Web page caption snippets
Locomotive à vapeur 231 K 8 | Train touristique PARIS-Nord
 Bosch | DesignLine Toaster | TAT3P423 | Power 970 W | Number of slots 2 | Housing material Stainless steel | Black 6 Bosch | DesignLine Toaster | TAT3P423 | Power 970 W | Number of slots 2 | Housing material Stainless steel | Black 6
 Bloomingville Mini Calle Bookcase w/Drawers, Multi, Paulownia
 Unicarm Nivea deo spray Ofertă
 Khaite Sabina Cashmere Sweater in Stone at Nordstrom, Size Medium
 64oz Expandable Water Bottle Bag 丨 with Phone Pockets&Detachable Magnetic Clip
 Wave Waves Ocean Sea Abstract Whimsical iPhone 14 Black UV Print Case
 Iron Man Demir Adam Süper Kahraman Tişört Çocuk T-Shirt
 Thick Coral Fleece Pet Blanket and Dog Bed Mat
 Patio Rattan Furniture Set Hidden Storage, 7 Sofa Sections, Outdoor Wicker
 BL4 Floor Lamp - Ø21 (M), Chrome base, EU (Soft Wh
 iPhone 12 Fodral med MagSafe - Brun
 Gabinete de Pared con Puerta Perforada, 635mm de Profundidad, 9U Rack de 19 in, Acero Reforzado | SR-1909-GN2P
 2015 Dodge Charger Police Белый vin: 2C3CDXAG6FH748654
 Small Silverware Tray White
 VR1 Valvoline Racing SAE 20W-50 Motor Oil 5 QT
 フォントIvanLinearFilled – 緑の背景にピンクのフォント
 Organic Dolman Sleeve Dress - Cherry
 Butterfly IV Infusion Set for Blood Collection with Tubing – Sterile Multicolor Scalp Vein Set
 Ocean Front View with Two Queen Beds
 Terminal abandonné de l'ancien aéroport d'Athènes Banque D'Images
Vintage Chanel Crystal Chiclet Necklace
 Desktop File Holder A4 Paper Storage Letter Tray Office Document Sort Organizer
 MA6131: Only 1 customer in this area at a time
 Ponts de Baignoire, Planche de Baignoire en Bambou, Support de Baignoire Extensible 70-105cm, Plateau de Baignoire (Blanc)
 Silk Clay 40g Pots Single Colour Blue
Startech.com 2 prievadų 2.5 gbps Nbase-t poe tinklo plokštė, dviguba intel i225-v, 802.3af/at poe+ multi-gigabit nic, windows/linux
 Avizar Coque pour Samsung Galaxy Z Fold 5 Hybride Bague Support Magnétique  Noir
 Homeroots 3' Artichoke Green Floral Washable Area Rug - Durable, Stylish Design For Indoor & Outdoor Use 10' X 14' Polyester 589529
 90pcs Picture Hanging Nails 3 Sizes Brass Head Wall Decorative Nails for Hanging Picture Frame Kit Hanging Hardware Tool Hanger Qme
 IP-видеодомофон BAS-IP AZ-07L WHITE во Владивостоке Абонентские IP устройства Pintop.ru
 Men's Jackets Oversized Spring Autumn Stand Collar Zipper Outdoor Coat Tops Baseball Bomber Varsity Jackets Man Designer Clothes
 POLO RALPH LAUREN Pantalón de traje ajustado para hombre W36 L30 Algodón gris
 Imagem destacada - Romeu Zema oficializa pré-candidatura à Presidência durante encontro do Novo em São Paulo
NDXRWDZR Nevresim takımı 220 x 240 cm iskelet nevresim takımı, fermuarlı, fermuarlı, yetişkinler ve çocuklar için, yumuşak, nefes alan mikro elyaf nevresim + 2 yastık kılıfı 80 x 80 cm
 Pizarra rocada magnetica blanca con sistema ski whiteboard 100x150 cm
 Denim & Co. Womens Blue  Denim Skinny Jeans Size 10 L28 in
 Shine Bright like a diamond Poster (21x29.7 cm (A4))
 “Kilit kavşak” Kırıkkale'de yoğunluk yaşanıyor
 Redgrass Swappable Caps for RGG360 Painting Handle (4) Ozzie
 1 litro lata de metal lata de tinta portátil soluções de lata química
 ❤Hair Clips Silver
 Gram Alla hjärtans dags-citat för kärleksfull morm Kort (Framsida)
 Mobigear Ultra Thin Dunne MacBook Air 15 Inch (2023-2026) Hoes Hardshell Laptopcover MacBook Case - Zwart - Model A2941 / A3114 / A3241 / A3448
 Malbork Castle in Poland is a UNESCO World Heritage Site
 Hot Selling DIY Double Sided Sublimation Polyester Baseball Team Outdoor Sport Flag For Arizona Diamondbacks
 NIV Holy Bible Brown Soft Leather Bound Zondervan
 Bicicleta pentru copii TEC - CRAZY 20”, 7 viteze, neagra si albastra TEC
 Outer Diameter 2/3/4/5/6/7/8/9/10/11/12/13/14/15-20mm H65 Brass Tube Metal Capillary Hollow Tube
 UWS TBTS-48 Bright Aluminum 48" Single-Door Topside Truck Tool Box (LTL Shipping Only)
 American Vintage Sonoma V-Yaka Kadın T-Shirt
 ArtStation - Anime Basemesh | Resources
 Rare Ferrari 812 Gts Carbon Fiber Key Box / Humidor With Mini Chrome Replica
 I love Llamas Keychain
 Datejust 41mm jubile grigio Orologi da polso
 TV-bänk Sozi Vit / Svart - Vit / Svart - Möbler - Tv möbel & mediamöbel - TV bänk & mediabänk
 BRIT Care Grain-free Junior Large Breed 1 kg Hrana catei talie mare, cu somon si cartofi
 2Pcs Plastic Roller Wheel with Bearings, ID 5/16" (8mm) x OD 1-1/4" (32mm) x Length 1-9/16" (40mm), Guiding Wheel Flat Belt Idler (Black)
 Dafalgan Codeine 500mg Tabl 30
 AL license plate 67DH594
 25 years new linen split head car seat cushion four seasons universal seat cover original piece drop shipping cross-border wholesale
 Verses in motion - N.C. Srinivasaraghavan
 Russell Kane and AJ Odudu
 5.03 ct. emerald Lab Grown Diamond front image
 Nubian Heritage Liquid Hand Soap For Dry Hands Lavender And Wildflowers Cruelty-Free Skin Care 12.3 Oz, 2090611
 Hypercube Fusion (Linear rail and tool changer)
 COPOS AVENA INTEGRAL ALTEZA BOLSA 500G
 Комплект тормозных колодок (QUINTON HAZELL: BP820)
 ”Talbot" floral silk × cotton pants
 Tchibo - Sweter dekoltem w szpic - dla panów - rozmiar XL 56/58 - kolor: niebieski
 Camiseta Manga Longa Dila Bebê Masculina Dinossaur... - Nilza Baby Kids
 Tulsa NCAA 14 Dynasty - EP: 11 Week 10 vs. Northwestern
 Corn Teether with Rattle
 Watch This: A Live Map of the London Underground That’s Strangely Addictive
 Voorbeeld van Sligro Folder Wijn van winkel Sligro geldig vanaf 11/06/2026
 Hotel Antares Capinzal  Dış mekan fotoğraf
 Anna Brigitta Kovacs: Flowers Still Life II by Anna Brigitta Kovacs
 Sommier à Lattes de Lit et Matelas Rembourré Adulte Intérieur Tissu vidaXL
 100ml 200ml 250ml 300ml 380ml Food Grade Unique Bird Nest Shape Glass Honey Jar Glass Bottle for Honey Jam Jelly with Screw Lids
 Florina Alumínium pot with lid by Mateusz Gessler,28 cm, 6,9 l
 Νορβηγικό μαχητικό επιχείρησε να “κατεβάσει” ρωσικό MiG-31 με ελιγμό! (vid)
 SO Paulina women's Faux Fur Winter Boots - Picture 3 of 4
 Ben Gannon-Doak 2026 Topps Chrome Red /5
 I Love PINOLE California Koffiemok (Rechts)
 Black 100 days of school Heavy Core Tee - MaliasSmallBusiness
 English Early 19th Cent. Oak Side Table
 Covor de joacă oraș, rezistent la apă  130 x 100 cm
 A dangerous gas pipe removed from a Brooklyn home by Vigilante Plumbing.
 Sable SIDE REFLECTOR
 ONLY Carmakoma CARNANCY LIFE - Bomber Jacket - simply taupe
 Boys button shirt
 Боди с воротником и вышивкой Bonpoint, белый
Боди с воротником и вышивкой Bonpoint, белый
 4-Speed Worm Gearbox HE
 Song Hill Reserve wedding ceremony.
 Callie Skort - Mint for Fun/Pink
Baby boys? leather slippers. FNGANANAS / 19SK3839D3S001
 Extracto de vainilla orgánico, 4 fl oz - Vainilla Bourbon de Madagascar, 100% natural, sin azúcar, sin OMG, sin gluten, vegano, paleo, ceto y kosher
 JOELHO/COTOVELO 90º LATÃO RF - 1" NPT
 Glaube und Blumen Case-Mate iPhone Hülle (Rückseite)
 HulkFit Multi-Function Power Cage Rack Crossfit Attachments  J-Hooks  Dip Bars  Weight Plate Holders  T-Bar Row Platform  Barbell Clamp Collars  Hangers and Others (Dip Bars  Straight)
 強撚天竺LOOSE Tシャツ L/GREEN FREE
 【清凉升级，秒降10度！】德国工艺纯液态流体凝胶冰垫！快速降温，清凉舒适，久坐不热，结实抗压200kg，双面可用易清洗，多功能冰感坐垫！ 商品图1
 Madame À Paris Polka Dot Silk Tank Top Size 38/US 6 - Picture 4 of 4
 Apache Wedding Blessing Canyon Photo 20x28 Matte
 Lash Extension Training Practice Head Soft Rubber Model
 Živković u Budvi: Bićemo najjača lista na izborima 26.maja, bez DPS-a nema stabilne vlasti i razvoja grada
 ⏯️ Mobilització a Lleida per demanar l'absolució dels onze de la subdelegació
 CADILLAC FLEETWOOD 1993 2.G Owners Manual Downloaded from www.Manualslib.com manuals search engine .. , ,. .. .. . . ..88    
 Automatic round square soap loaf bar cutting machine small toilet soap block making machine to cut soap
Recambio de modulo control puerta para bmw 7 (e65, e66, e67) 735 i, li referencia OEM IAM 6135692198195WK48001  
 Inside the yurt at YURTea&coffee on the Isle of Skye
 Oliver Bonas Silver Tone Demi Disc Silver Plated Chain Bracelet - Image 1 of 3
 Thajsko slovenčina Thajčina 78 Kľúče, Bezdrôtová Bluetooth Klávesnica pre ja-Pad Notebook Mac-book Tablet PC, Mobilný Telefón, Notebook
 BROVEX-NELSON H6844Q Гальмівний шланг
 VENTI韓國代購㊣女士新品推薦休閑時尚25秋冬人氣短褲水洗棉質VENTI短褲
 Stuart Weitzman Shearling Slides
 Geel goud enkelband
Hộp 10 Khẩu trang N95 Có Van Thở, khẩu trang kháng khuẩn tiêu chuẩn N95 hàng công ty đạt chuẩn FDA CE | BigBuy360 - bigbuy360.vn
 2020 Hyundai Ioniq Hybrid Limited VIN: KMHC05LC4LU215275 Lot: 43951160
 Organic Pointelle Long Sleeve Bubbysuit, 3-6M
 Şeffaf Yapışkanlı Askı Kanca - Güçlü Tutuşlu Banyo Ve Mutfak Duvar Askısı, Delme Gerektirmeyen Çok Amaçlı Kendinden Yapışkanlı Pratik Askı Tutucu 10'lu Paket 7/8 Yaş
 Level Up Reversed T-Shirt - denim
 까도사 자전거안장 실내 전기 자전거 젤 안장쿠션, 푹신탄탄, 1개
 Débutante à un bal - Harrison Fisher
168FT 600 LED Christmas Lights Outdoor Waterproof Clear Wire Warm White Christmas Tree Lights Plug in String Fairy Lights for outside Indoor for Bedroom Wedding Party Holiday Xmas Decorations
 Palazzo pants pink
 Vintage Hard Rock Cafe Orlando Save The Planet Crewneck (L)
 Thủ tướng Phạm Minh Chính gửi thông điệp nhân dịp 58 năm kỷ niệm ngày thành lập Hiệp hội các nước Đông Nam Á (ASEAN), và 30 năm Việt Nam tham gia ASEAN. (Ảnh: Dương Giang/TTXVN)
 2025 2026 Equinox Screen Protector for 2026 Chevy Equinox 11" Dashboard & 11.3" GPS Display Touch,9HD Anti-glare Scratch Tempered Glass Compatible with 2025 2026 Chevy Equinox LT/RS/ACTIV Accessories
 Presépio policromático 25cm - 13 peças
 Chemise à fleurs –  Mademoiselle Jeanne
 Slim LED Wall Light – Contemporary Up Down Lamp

PROBLEM TO SOLVE →
Extract exactly and only the lines above from the line containing "Recambio de modulo" through the line containing "Oliver Bonas Silver", both end lines included.

EXERCISE RESPONSE →
Recambio de modulo control puerta para bmw 7 (e65, e66, e67) 735 i, li referencia OEM IAM 6135692198195WK48001  
 Inside the yurt at YURTea&coffee on the Isle of Skye
 Oliver Bonas Silver Tone Demi Disc Silver Plated Chain Bracelet - Image 1 of 3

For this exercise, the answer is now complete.